Vendredi, Washington a martelé que la corruption au Mexique
continue de constituer "un obstacle-clé" dans cette lutte. Felipe
Calderon a répondu en demandant que soit mieux surveillée l'entrée
au Mexique, par où passerait, selon lui, des armes et de l'argent
liquide destinés aux cartels (lire
ci-contre).
"On surveille à la frontière l'entrée aux Etats-Unis, mais à la
vérité nous n'avons jamais surveillé l'entrée au Mexique". "Les
deux pays doivent faire en sorte d'avoir une frontière sécurisée,
ouverte au commerce, aux gens qui veulent travailler, mais fermée
au crime, au trafic d'armes et de drogues, et au trafic d'argent
illégal", a-t-il conclu.
agences/jeh
Les cartels mexicains s'arment aux Etats-Unis
Si le Mexique est la source d'une bonne partie de la drogue qui entre aux Etats-Unis, ce sont des armes venues des Etats-Unis qui arment les cartels mexicains et jouent un rôle considérable dans la spirale de la violence.

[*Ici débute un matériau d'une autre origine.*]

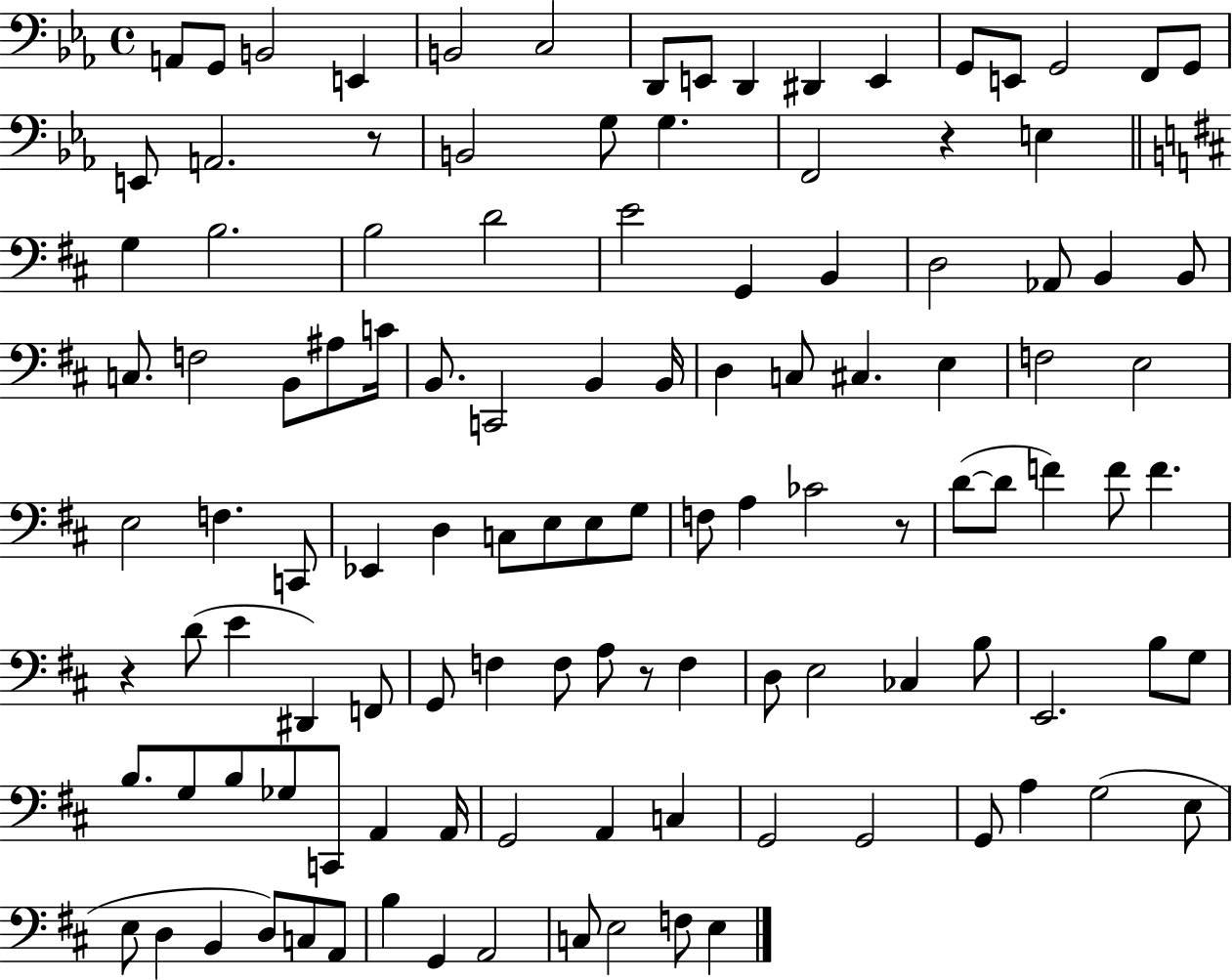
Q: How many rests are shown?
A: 5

C'est en effet devenu une véritable guerre, qui a fait plus de 6'290 morts l'année dernière -soit plus du double qu'en 2007-, et plus d'un millier de morts depuis début 2009.
Et 95% des assassinats liés à la drogue au Mexique sont commis avec des armes provenant des Etats-Unis, note le rapport annuel sur la lutte anti-drogue du Département d'Etat américain.
Depuis déjà deux ans, le président Calderon se plaint que les autorités américaines n'arrivent pas à contrôler le trafic d'armes américaines vers le Mexique, jugeant que les policiers et militaires en payent le prix fort: 800 membres des forces de l'ordre mexicaines ont été tués ces deux dernières années.
Selon la Brookings Institution, quelque 2000 armes entreraient chaque jour sur le territoire mexicain en provenance des Etats-Unis.
Et selon le Bureau des Tabacs et armes à feu (ATF), plus de 7700 armes vendues aux Etats-Unis ont pu être retracées au Mexique l'année dernière, contre environ 3300 en 2007, et 2100 en 2006.
La nouvelle administration Obama s'est engagée à renforcer la coopération en matière de lutte contre la drogue avec les pays latino-américains, et au premier rang le Mexique.
Mercredi, le ministre américain de la Justice Eric Holder a notamment promis de faire appliquer une interdiction, longtemps ignorée, sur l'importation de fusils d'assaut: ces armes importées qui sont souvent revendues illégalement à des réseaux qui ensuite fournissent les cartels mexicains.
Un geste dont s'est réjoui le président Calderon: "pour la première fois (...) depuis de longues années, le gouvernement américain commence à faire preuve de plus d'engagement", a-t-il jugé.
Quand cette interdiction était respectée, seules 21% des armes récupérées sur les trafiquants de drogue mexicains étaient des fusils d'assaut, estime Eduardo Medina. Aujourd'hui, ce chiffre a atteint plus de 50%, ajoute-t-il.
Au Mexique, toute arme d'un calibre supérieur à 38 est considérée comme militaire et interdite à l'usage civil.
Du coup, au nord du Rio Grande, les membres des cartels mexicains payent tout un réseau d'Américains pour acheter des fusils d'assaut pour leur compte.
Les cartels semblent d'ailleurs trouver cette source d'approvisionnement si aisée que leurs tueurs abandonnent tout simplement sur place ces armes pourtant hors de prix après avoir commis leur forfait.